▶ Prompt:
Print exactly the lines from the one that contains "Preview wallpaper stone, rock, sun, sunlight, sunset" through the last line of the material, both included, and leave out all pictures.

▶ Task inputs:
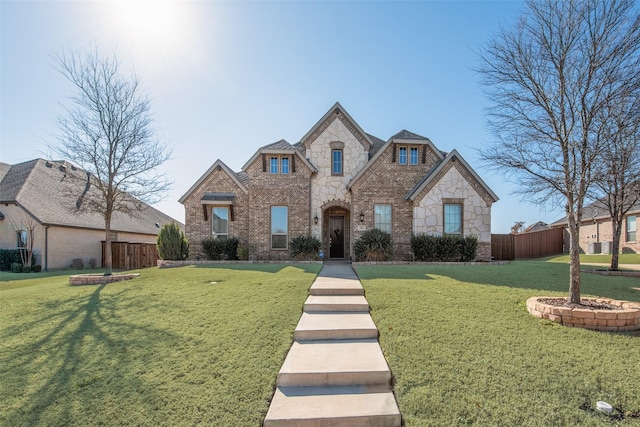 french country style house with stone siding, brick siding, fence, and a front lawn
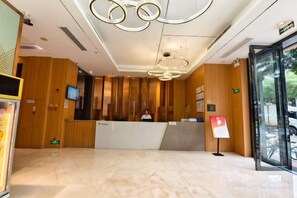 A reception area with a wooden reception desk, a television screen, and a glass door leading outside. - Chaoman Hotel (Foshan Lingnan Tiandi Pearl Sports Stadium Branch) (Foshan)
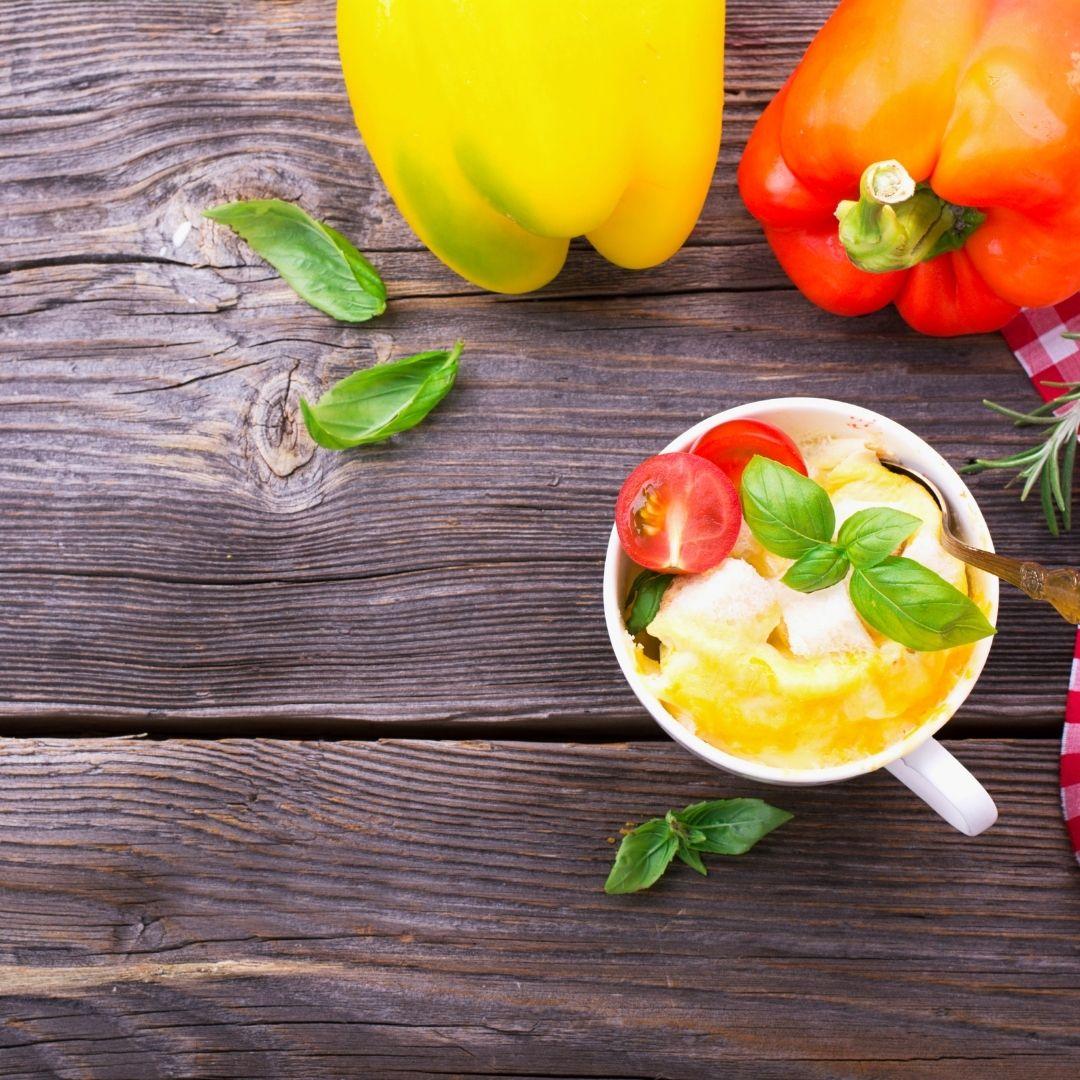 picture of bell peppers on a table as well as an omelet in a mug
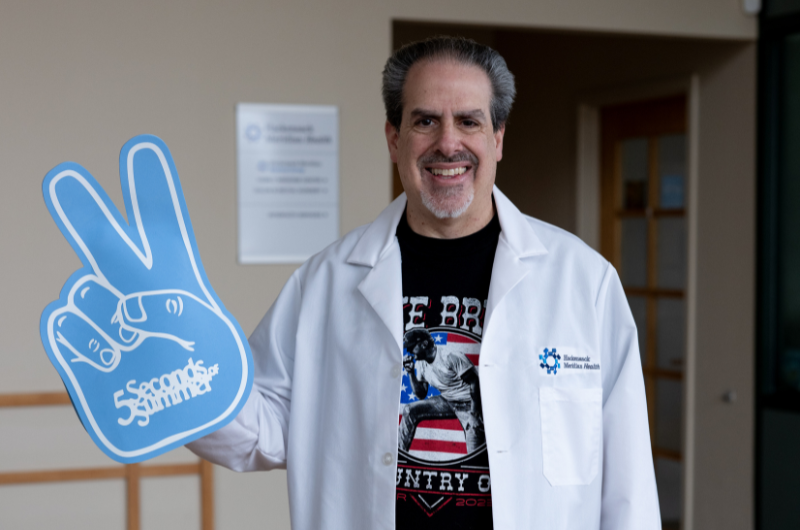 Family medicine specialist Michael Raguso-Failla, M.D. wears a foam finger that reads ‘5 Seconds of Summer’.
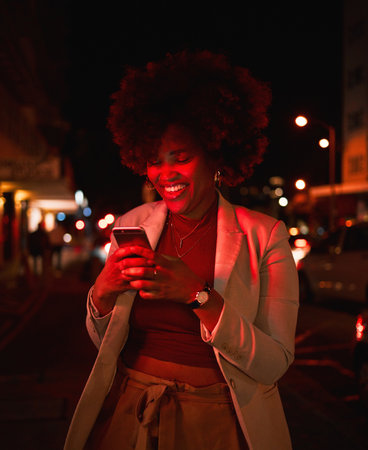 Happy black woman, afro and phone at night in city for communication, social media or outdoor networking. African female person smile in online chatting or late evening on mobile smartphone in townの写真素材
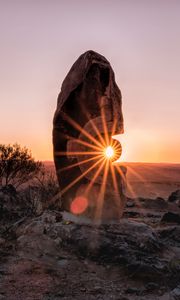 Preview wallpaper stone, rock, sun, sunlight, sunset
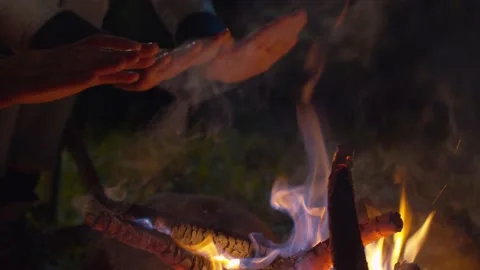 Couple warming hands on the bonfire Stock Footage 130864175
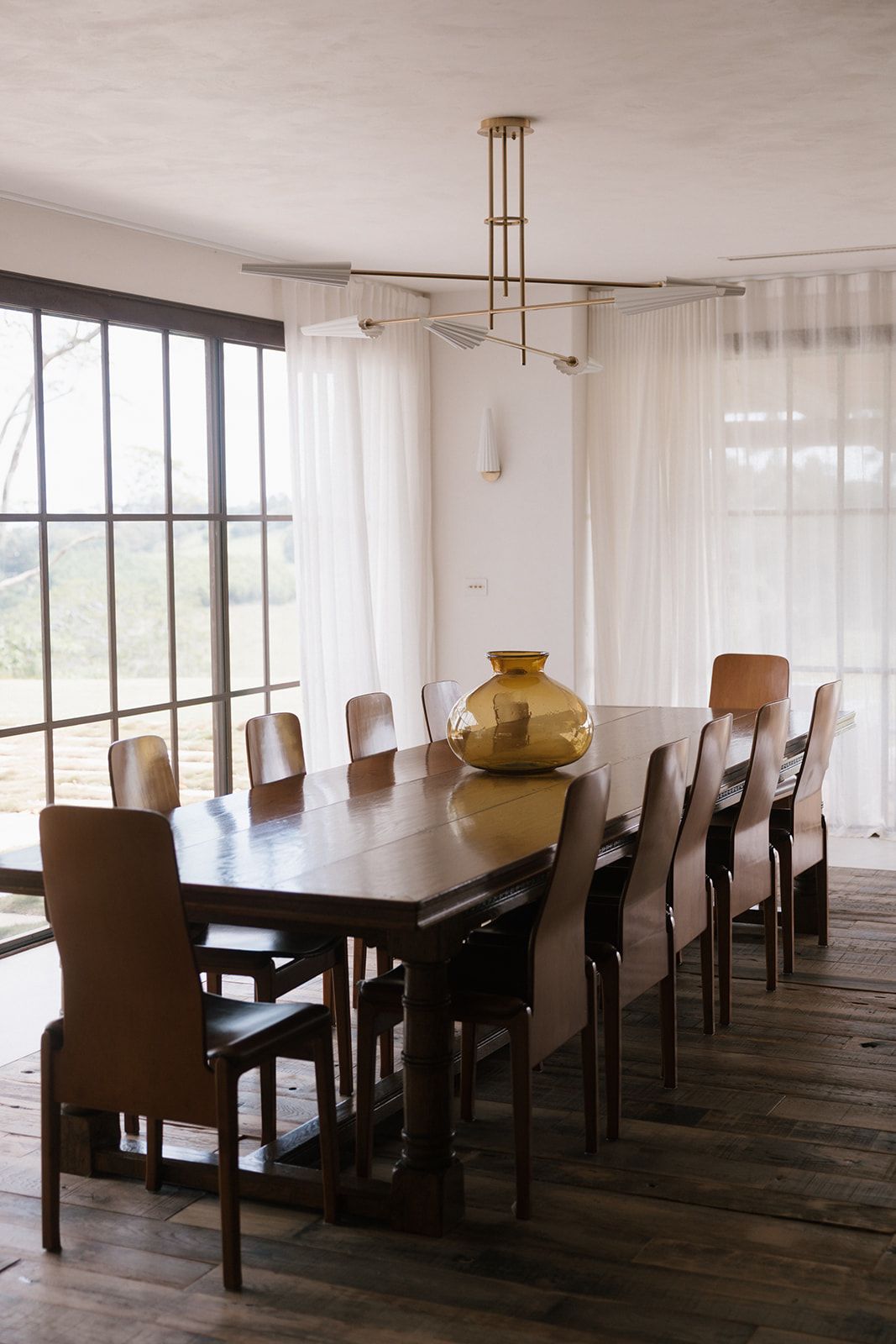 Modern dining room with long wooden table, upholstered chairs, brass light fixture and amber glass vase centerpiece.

▶ Final answer:
 Preview wallpaper stone, rock, sun, sunlight, sunset
 Couple warming hands on the bonfire Stock Footage 130864175
 Modern dining room with long wooden table, upholstered chairs, brass light fixture and amber glass vase centerpiece.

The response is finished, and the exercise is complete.